Fijian basketball player

Joshua Robert George Fox (born 2 April 1994) is a Fijian professional basketball player for the Frankston Blues of the NBL1 South.

==Early life==
Fox was born in Suva, Fiji. As a youth, he moved to the United States, where his family settled down in California. They first lived in Los Angeles before moving north to Daly City. Fox attended Sacred Heart Cathedral Preparatory in San Francisco and led the Fightin' Irish to four straight Central Coast Section titles. He earned second team all-league honors as a junior, before receiving first team all-league, all-metro and San Francisco Player of the Year accolades as a senior.

==College career==
As a freshman at UC Riverside in 2012–13, Fox led the Highlanders in scoring on seven occasions and finished as his team's leading rebounder in 14 games. In 28 games, he averaged 9.3 points, 6.5 rebounds and 1.3 assists per game.

For his sophomore season, Fox transferred to the City College of San Francisco. In 2013–14, he led City College to a regional championship. His Rams squad was ranked No. 1 in the California Community College Athletic Association's poll throughout the season. CCSF won 28 games in a row during the 2013–14 season. Fox averaged 9.0 points and 5.0 rebounds per game, and shot .466 from the floor and .372 from three-point range.

In April 2014, Fox signed a National Letter of Intent to play for UC Davis.

As a junior with the Aggies in 2014–15, Fox earned Big West Sixth Man of the Year honors and was named an All-Big West Honorable Mention selection.
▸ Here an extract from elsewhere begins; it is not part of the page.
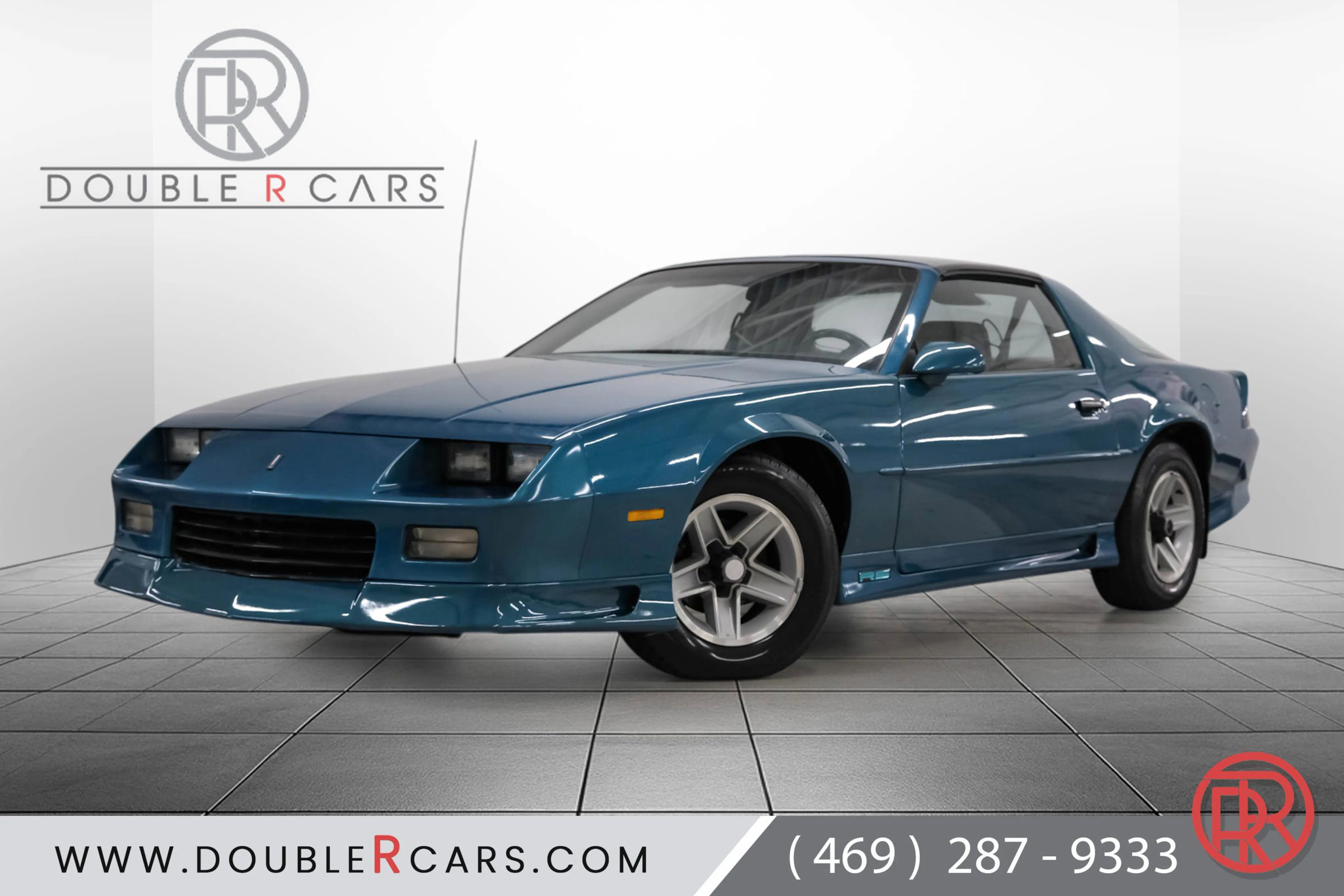 Used 1991 Chevrolet Camaro RS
He became UC Davis' first-ever Sixth Man of the Year award winner. On 17 January 2015, he came off the bench to score 20 of the Aggies' 37 bench points, on 8 of 11 shooting and was 4 for 7 at the stripe against Cal State Fullerton. In 32 games, he averaged 9.0 points, 4.3 rebounds and 1.1 assists per game.

As a senior with the Aggies in 2015–16, Fox averaged a team-high 14.9 points and 6.8 rebounds per game and led all Aggies with his .514 field goal percentage. When the 2016–17 season ended, Fox held top marks in five different Big West statistical categories. Fox's .544 career field goal percentage and 703 career points are the second-highest figures recorded by a two-year player in the program's Division I era. He was subsequently named second-team All-Big West.

==Professional career==
In September 2016, Fox signed with the Cheshire Phoenix of the British Basketball League for the 2016–17 season. However, he appeared in just seven games for Cheshire before leaving the team in November 2016.

Upon leaving Cheshire, Fox moved to New Zealand and joined the Hawke's Bay Hawks for the 2017 NBL season. He appeared in all 18 games for the 4–14 Hawks, averaging 12.5 points, 4.7 rebounds and 2.0 assists per game.

In December 2017, Fox signed with the Ballarat Miners for the 2018 SEABL season. He returned to the Miners for the 2019 NBL1 season.

In December 2019, Fox signed with the Frankston Blues for the 2020 NBL1 South season.

==National team career==
In 2015, Fox helped the Fijian national team win silver at the Pacific Games. In 2023, Fox was a top performer, leading the Fijians to a gold medal finish over Guam at the Pacific Games. In 36 minutes, he finished with 9 points on 4 of 8 shooting, 10 rebounds, and 2 assists. For the 2023 Pacific Games, he averaged a double-double with 14.6 points and 11.4 rebounds.

==Personal==
Fox is one of four children to Elizabeth Fox. Joyce, Conrad and Emelita are his siblings.